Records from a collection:
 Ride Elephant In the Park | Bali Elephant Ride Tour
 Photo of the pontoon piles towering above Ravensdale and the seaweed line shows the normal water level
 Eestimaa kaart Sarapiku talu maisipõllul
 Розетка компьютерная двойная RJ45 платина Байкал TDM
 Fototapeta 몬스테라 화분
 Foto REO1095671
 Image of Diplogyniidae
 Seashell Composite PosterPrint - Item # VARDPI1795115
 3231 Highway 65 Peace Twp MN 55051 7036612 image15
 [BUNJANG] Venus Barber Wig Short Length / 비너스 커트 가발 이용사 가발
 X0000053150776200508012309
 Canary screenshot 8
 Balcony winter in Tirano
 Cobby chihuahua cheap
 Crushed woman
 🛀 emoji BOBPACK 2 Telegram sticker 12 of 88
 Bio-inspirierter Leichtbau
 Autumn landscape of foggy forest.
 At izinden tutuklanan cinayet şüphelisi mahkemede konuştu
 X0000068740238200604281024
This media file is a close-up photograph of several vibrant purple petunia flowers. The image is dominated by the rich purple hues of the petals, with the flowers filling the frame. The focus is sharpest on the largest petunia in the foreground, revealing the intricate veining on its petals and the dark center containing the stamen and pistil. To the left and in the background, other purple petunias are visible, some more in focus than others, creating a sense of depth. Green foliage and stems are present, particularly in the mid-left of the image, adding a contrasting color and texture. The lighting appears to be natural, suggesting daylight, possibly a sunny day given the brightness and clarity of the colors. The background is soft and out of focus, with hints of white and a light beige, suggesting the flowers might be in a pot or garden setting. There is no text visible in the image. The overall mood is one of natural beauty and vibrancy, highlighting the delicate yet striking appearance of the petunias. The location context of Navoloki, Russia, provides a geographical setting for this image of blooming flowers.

> **Work item**
Write out, from the lines above, only those from the line with "Seashell Composite PosterPrint" to the line with "X0000068740238200604281024", exactly as given, including the first and the last.

> **Reply to the exercise**
 Seashell Composite PosterPrint - Item # VARDPI1795115
 3231 Highway 65 Peace Twp MN 55051 7036612 image15
 [BUNJANG] Venus Barber Wig Short Length / 비너스 커트 가발 이용사 가발
 X0000053150776200508012309
 Canary screenshot 8
 Balcony winter in Tirano
 Cobby chihuahua cheap
 Crushed woman
 🛀 emoji BOBPACK 2 Telegram sticker 12 of 88
 Bio-inspirierter Leichtbau
 Autumn landscape of foggy forest.
 At izinden tutuklanan cinayet şüphelisi mahkemede konuştu
 X0000068740238200604281024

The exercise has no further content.